BURSA (İGFA) – Geçtiğimiz Temmuz ayında yaşanan “Mavi Ekran” krizi dünya genelinde hava trafiğinde büyük aksamalara neden olurken, Türkiye bu krizden nispeten daha az etkilendi. Ancak Bakan Uraloğlu, bu durumun Türkiye’nin siber güvenlik konusunda daha fazla önlem alması gerektiğini gösterdiğini ifade etti. Ulusal Siber Güvenlik Stratejisi ve Eylem Planının Resmi Gazete’de yayınlandığını hatırlatan Uraloğlu, “Gelişen duruma göre sürekli kendimizi yeniliyoruz. Mevcut süreci güçlendirerek devam ettireceğiz. Krizlere karşı daha dirençli hale gelmeliyiz. Bu tür krizleri yerli ve milli yazılımlar geliştirerek çözebiliriz.” dedi.
“TÜRKİYE SİBER GÜVENLİKTE DÜNYA ÇAPINDA ÖNEMLİ BİR KONUMDA”
Türkiye’nin siber olaylara müdahalede Avrupa’da 6’ncı, dünyada ise 11’inci sırada yer aldığını belirten Uraloğlu, bu başarının altında yatan en önemli unsurlardan birinin yerli yazılım olduğunun altını çizdi. Ancak kullanılan sistemlerin çoğunun global yazılımlar olduğunu belirten Bakan, yerli yazılım kullanımının arttırılması gerektiğini belirterek, “Burada ne kadar yerlileştirme sağlayabiliriz diye düşünmemiz lazım. Sistemler arttıkça risk de artıyor.” da artıyor.” dedi.

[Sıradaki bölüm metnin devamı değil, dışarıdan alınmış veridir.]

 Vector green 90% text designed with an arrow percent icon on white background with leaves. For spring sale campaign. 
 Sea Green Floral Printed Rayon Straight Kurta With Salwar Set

“TÜRKİYE’NİN KENDİ YAZILIMINI GELİŞTİRMESİ BİZİ GÜVENDE TUTACAK”
Vatandaşlar ise siber güvenlikte yerli yazılım kullanımının artırılması gerektiğini destekliyor. Ahmet K. konuya ilişkin görüşlerini şu sözlerle dile getirdi:
“Bu tür krizler tüm dünyayı etkileyebilir. Türkiye’nin kendi yazılımını geliştirmesi bizi bu tür olaylara karşı daha güvende tutuyor. Yerli yazılım kullanmak sadece güvenlik açısından değil, ekonomik bağımsızlık açısından da önemli. Ancak bu yazılımın kalitesinin dünya standartlarına uygun olması gerekiyor. ” “Teknolojide dışa bağımlı kalmamamız gerektiğini düşünüyorum.”